Decidí hacerle caso porque no tenía nada qué hacer y dijo que ella estaría ahí, aunque nunca la vi. La plática no tenía nada que ver con cine, era sobre “psicomagia”, algo de lo que entonces yo no tenía ni idea, pero que luego supe que era parte de la evolución de este artista chileno. Mi situación se prestó para que Jodorowsky tuviera toda mi atención. Fue raro, como si cada cosa que dijera me la estuviera diciendo a mí. Pronto me di cuenta de que todos en aquel auditorio sentíamos algo parecido. Vaya experiencia escuchar la explicación de la psicomagia y sentir que todos estábamos conectados. Pensaba en algo y Jodorowsky empezaba a hablar de eso, o me surgía alguna pregunta y alguien más se la hacía en ese preciso momento.
Cuando la conferencia terminó, me sentí muy conmovido. No recuerdo ni qué se dijo, pero sentí la urgencia de acercarme a hablar con él. Lo esperé afuera del auditorio hasta que sus fans lo dejaron solo. Incluso hoy no podría hacer una descripción justa de ese momento, no lo voy a intentar. Pero así como recuerdo el rostro de Rosamara mientras yo le hablaba, recuerdo también el de Jodorowsky escuchándome. Debieron verme muy mal. Muchas veces he querido compartir lo que Jodorowsky me dijo aquel día, porque me cambió la vida. Pero no puedo y he llegado a la conclusión de que fue un regalo muy personal. Lo que sí puedo decir es que a veces la honestidad es lo único que necesitamos.
Y la historia apenas comenzaba. Llegaron ofertas de trabajo y luego, como ya les he contado, llegué a Televisa. Me di cuenta, a tiempo, de que no debía seguir renegando de mi “suerte” y aunque esto no era lo que yo siempre quise, era un privilegio enorme. Así fue como, convertido en periodista musical, viajé a San Antonio a entrevistar a Marilyn Manson en la época de Holy Wood (In the Shadow of the Valley of Death), que casualmente fue cuando se volvió amigo de Jodorowsky, quien años más tarde sirvió como “sacerdote” de su boda con Dita Von Teese.
No, Jodorowsky no estaba en el concierto… o al menos no físicamente. Pero lo que más recuerdo de aquella presentación es haber experimentado un sentimiento ya conocido. Esa extraña conexión con la gente, pero ahora a través de la música y de aquel espectáculo, que solo había sentido en otra ocasión.
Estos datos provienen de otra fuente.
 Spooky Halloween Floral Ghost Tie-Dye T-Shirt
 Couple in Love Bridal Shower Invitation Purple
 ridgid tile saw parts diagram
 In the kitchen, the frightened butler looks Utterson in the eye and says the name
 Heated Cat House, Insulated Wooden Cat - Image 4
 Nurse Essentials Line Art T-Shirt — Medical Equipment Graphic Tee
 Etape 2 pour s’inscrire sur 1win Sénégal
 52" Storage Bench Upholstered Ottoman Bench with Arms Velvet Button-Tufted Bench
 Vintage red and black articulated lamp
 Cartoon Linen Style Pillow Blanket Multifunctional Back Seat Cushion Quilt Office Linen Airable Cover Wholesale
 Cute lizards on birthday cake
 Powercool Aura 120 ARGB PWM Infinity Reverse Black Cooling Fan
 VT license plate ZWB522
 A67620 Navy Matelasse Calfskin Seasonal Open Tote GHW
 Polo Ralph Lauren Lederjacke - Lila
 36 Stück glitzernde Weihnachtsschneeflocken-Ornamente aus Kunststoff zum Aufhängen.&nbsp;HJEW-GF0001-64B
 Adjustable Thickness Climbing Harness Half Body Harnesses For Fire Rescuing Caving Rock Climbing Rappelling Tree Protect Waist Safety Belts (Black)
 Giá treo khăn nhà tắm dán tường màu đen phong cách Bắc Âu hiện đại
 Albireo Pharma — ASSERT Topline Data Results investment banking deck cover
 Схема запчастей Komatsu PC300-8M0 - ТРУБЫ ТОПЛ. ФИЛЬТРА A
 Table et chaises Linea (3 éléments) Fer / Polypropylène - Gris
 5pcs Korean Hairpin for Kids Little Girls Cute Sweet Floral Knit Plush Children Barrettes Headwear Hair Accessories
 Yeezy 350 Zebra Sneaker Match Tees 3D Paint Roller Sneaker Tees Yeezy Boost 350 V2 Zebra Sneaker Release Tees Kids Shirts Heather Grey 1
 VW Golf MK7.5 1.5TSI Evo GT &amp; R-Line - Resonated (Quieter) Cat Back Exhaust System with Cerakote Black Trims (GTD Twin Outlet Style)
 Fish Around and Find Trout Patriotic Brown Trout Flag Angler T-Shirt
Nadie tuvo que explicármelo, es más, ni se lo pregunté a Manson cuando pasé a entrevistarlo. Y aunque sí le pregunté sobre su amistad con Jodorowsky, preferí no hablar de la psicomagia.
En lugar de eso, le entregué un regalo. Antes de salir de México había grabado un VHS con el programa que Eugenio Derbez hizo del personaje de Marilyn Menson, inspirado en él. Fue un especial de una hora donde actuaban algunos músicos de rock o mandaban saludos a “Menson”. Fue una suerte que repitieran ese programa y pudiera grabarlo. Hay periodistas que acostumbran llevar regalos a los artistas, pero casi siempre les llevan Tequila o alguna cosa típica mexicana. A mí se me metió en la cabeza llevarle ese programa y se me hizo.
Le pregunté si sus amigos lo llamaban Marilyn o le decían Manson y me contestó que lo llamaban por su nombre, “Me dicen Brian, puedes llamarme así”. Contrario a lo que muchos imaginan, es la persona famosa más ligera y más sencilla que me ha tocado conocer. Me preguntó qué había en el VHS y le expliqué. Nunca supe si pudo verlo. En esos días solo los mexicanos sabíamos quién era Derbez, pero le dio gusto saber que aquí tenía fans así.
Por si se quedaron con la duda. Años después, Jorge González dejó Chile y vino a vivir a la Ciudad de México, a la Condesa, en mi misma calle. Cuando yo iba de compras al 7 Eleven casi siempre lo encontraba ahí con su pequeño hijo, pero nunca pasamos de una sonrisa de cortesía, como cualquier vecino. Hasta hoy conservo la carta que le escribí, escondida en algún lugar. Pero fue reconfortante ya no sentir esa urgencia por obtener una respuesta. La había conseguido, y me la dio un paisano suyo.